John Marshall, Oncology Unscripted ASCO 2025.

John Marshall, MD: You know what this is? It's called the ASCO Daily News. They hand you one of those as you enter the building here every morning. And yeah, there's a lot of good science here, a lot of cool things, and pictures of prominent presenters. Even old oncologists get their picture here as well. But there's a whole bunch of stuff that's not in the oncology news that's really important to our future.

On Friday, Trump unfolded his budget. His budget includes a 40% reduction in the NIH budget. It is a huge delta in what will happen at the National Cancer Institute, if indeed this happens. 15% indirect rate officially now on the table. The Cancer Center Directors, NCI Cancer Center Directors, visited Capitol Hill last week hosted by Georgetown’s Lou Weiner, my boss, and they all went up to the hill to talk to various congressional folks about what the heck's going on.

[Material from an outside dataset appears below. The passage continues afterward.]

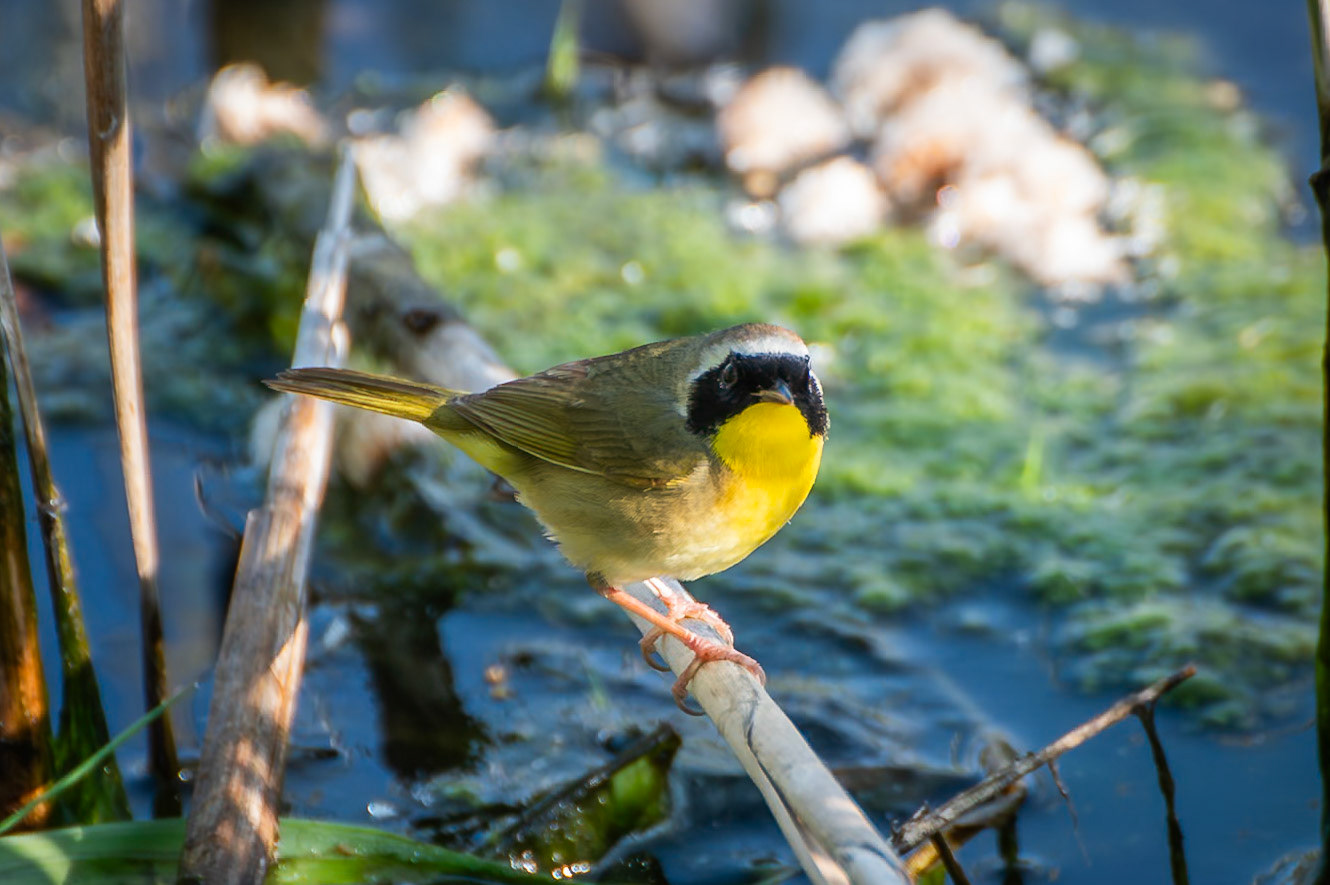 Common Yellowthroat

If you cut this budget, we will lose ground in terms of America's ability to contribute to cancer research at a time when we know more than we ever did.

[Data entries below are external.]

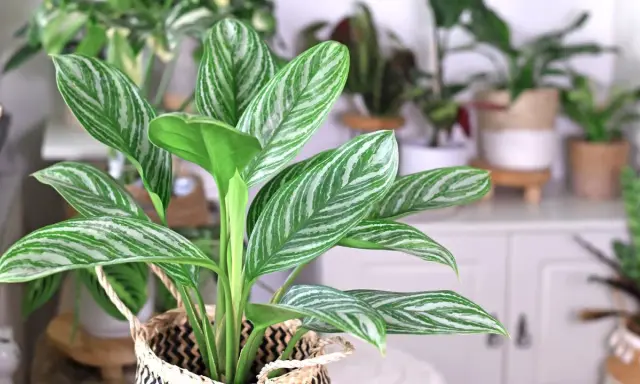 Aglaonema odmiany z pięknymi, pasiastymi liśćmi w odcieniach zieleni i bieli, wpleciona w pleciony koszyk.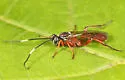 Platylabus ornatus - photo 2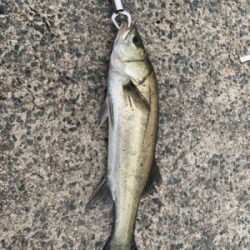 ストラクチャー打ち！！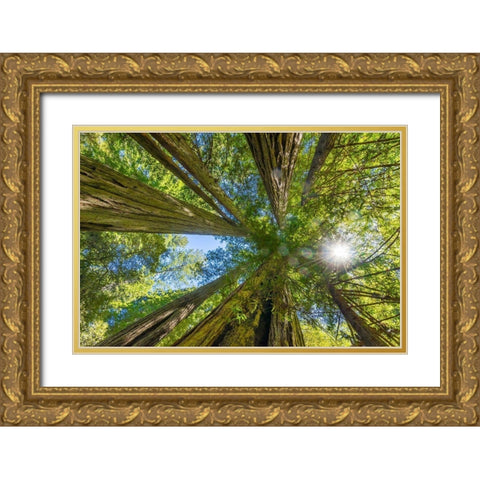 Sun shining through towering tree-Redwoods National Park-Newton B Drury Drive-Crescent City Gold Ornate Wood Framed Art Print with Double Matting by Perry, William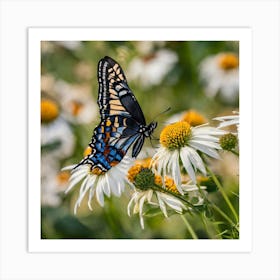 Swallowtail Butterfly Art Print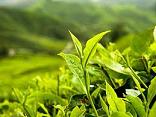 Green tea diet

Our European colleagues have put out advertisements to attract some of our major thought leaders to go to Europe, granting visas so that they can in fact do their own brain drain of us now that our budgets are being cut. So, we really have to figure it out. What we are doing and the impact this is gonna have day to day, not only on our research, but on our cancer care delivery, for our patients here in the United States. And I don't think folks have really thought that through very well.

Secondly, we of course have no NCI director right now. They're sort of an interim. And one of my friends, a guy named Wafik El-Deiry, who's at Brown, has put his hat in the ring. He had said some pro-Trump stuff coming into this year thinking that shaking up clinical research was gonna be a good idea, but he's sort of like, what are we talking about now? And he said, I'll do it. I'll do the job if you give me $50 billion for cancer research. Well, that's more than the current budget is. And of course, I just told you they're cutting the budget. So, I don't see any way that angle, that argument, is gonna take any traction with our current administration. So Wafik, I hope you get what's on your Christmas list, but my guess is you will not. And my guess is we will continue to go without an NCI Director, and an unclear future about the role the NCI is going to play, in global cancer drug discovery and drug development and looking for cures.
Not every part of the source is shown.